*What you are asked to do*. Your task is to copy the listing exactly. Drop any pictures from the copy.

*Dataset content*.
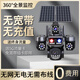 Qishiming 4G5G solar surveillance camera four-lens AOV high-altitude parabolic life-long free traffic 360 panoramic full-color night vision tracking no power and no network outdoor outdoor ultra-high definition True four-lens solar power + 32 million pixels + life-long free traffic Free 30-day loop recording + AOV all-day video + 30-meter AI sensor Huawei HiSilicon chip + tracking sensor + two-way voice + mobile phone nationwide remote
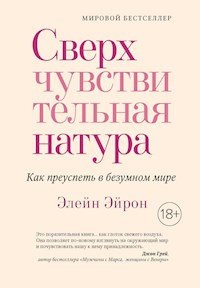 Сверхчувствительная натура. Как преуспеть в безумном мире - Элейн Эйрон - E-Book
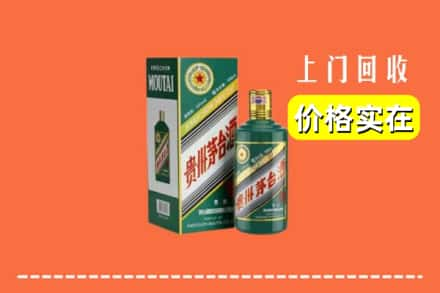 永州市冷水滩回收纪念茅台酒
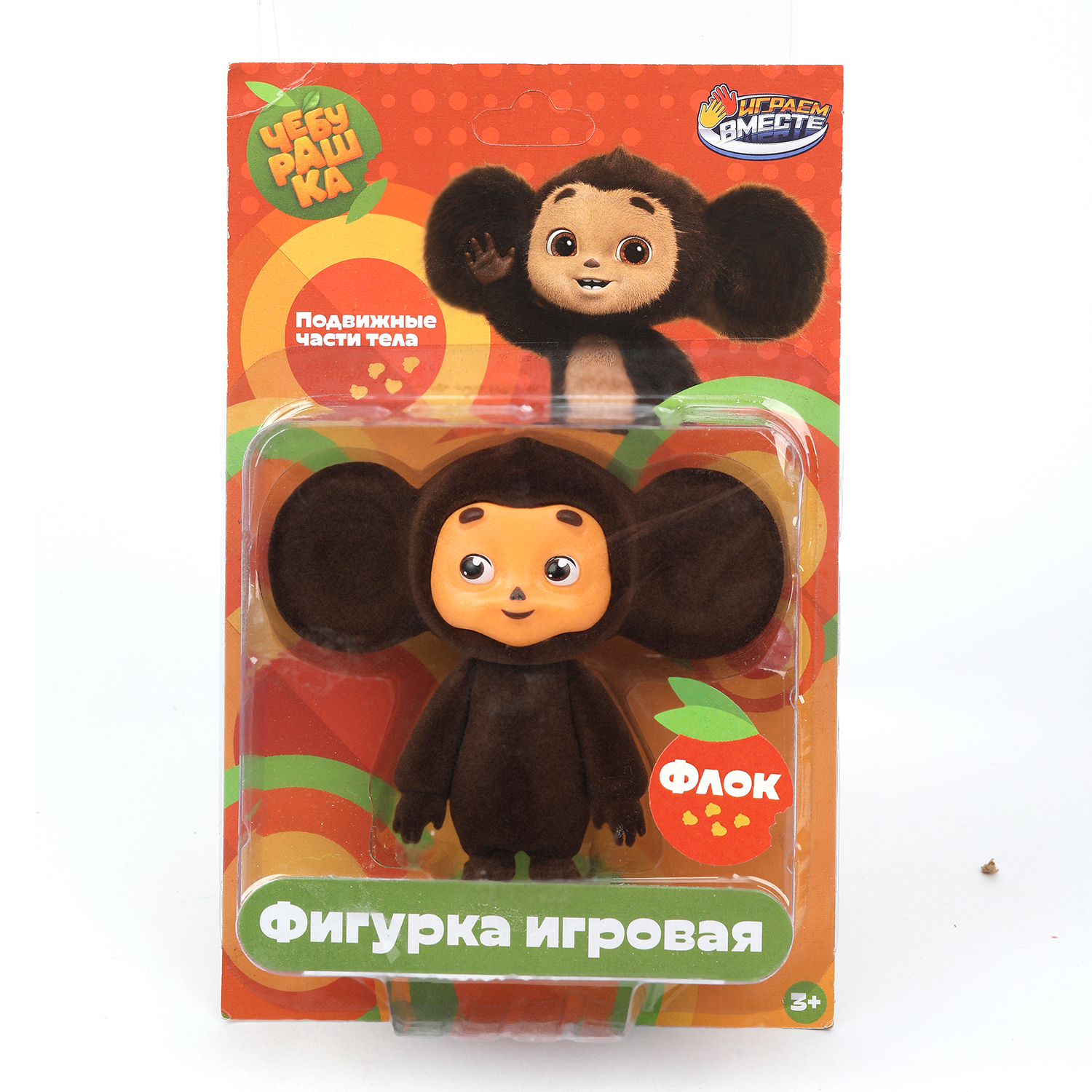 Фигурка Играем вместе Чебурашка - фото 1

*Solution for this task*.
 Qishiming 4G5G solar surveillance camera four-lens AOV high-altitude parabolic life-long free traffic 360 panoramic full-color night vision tracking no power and no network outdoor outdoor ultra-high definition True four-lens solar power + 32 million pixels + life-long free traffic Free 30-day loop recording + AOV all-day video + 30-meter AI sensor Huawei HiSilicon chip + tracking sensor + two-way voice + mobile phone nationwide remote
 Сверхчувствительная натура. Как преуспеть в безумном мире - Элейн Эйрон - E-Book
 永州市冷水滩回收纪念茅台酒
 Фигурка Играем вместе Чебурашка - фото 1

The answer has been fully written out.